Don nodded in agreement.

"I wasn't expecting my guesswork to be perfect, either.  But are these it?  Just rocks and things?" Don looked a bit worried.  He rubbed a hand on the spire.  He turned back to Bill.  "Just rocks?  Nothing that looks man-made-"

Bill swung a rock hammer at the spire.  Permafrost and ice shattered as the statue buried underneath rang out like a bell.  Debris fell in tatters from the statue, which stood as tall as the spire had.

Both Lodges exchanged looks.

The statue depicted a humanoid figure in robes.  It wore a totemic mask.  The shape of the figure kept the identity of the statue's gender vague.  It held a short sword in its hands, sheathed.  The mask it wore depicted that of a wolf.  The iconography of the wolf was primitive and flat, almost expressionistic in style.  On the wolf mask's brow was a crescent moon.  On the crescent moon's shadowed edge opposite its crescent was a four-pointed star that overlapped the crescent moon.

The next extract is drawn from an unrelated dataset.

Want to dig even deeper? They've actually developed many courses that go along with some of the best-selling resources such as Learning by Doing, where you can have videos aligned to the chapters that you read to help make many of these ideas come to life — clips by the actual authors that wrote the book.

Both eyes under the mask looked mournful.  Twenty feet tall, the statue was composed of one solid chunk of granite.  Light green dots seemed to littered the surface of the statue.

Don rubbed his hand along the surface of the statue.  "Bill.  Its covered in them.  God damn, we lucked out.  Feel them."

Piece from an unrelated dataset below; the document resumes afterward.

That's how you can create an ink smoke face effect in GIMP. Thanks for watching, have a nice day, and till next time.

Bill looked at where Don had been looking.  His eyes widened.  "The entire statue is covered in their language.  Wow.  Each little dot is a copper... letter?  Rune?"

Each symbol looked arcane.  Neither brother could see a pattern in their layout.  But each symbol was different.  It etched into the granite and filled with copper.

Bill then glanced at the base of the statue.  He looked back at his younger brother.  "This isn't all of it, I think Kiddo."

"What do you mean?"  Don had taken out their camera, snapping shots out as fast as he could.

"The base of this extends down further into the permafrost.  Shit Don, I don't think most of this is rock or cliff or even ice.  We're standing on the top of a ziggurat.  An island-wide Ziggurat."